_Task prompt_: The lines below, from the one holding "Black Hisense air" through the one holding "Neff N70 D65XAM2S0B", are to be restated word for word, with all images left out.

_Available data_:
===============

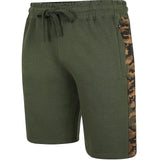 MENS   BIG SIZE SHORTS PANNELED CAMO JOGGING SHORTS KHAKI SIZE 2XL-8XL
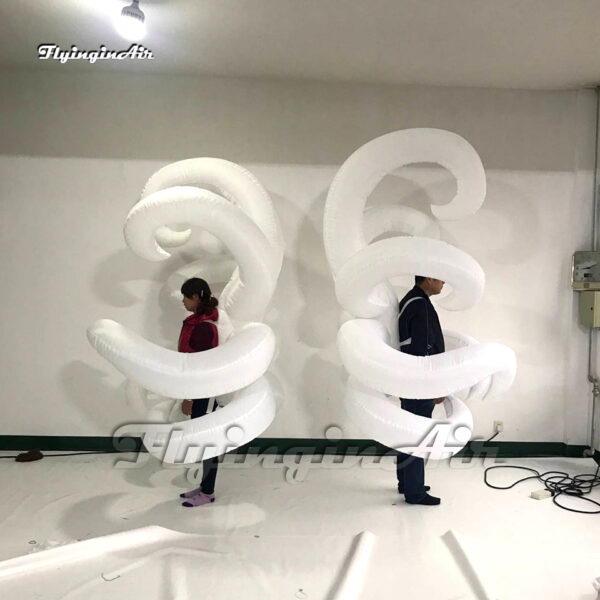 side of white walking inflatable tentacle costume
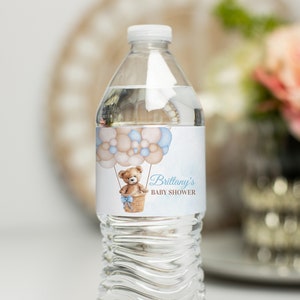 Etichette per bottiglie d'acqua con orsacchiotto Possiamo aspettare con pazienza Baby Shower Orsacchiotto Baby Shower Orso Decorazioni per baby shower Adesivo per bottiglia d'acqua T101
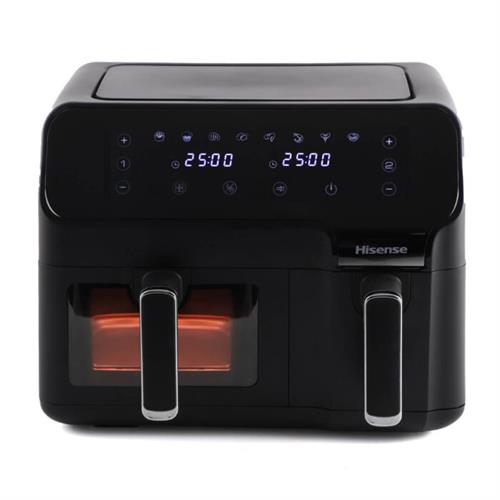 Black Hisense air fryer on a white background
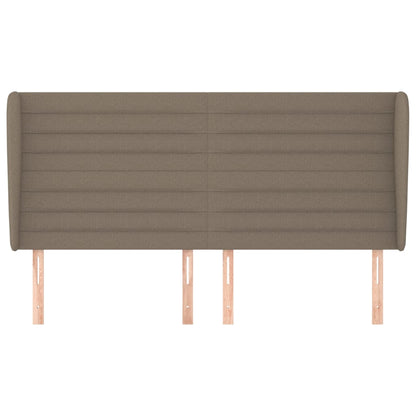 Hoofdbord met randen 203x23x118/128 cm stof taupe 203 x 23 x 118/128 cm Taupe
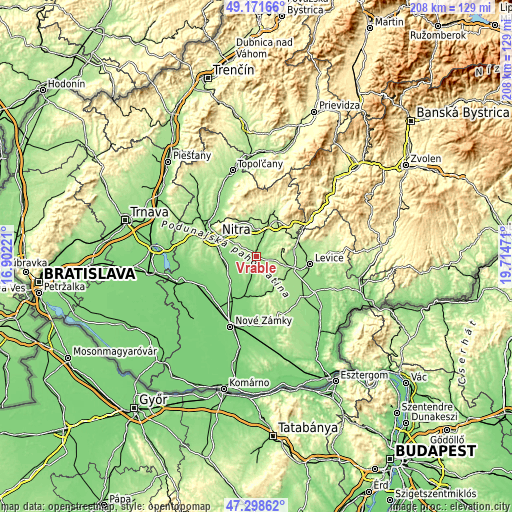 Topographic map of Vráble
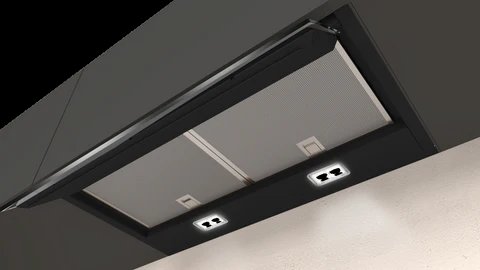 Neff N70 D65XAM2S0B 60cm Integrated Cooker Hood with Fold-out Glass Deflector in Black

===============

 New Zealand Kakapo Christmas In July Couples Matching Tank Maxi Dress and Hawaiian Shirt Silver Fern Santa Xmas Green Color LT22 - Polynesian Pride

===============

_Task result_:
 Black Hisense air fryer on a white background
 Hoofdbord met randen 203x23x118/128 cm stof taupe 203 x 23 x 118/128 cm Taupe
 Topographic map of Vráble
 Neff N70 D65XAM2S0B 60cm Integrated Cooker Hood with Fold-out Glass Deflector in Black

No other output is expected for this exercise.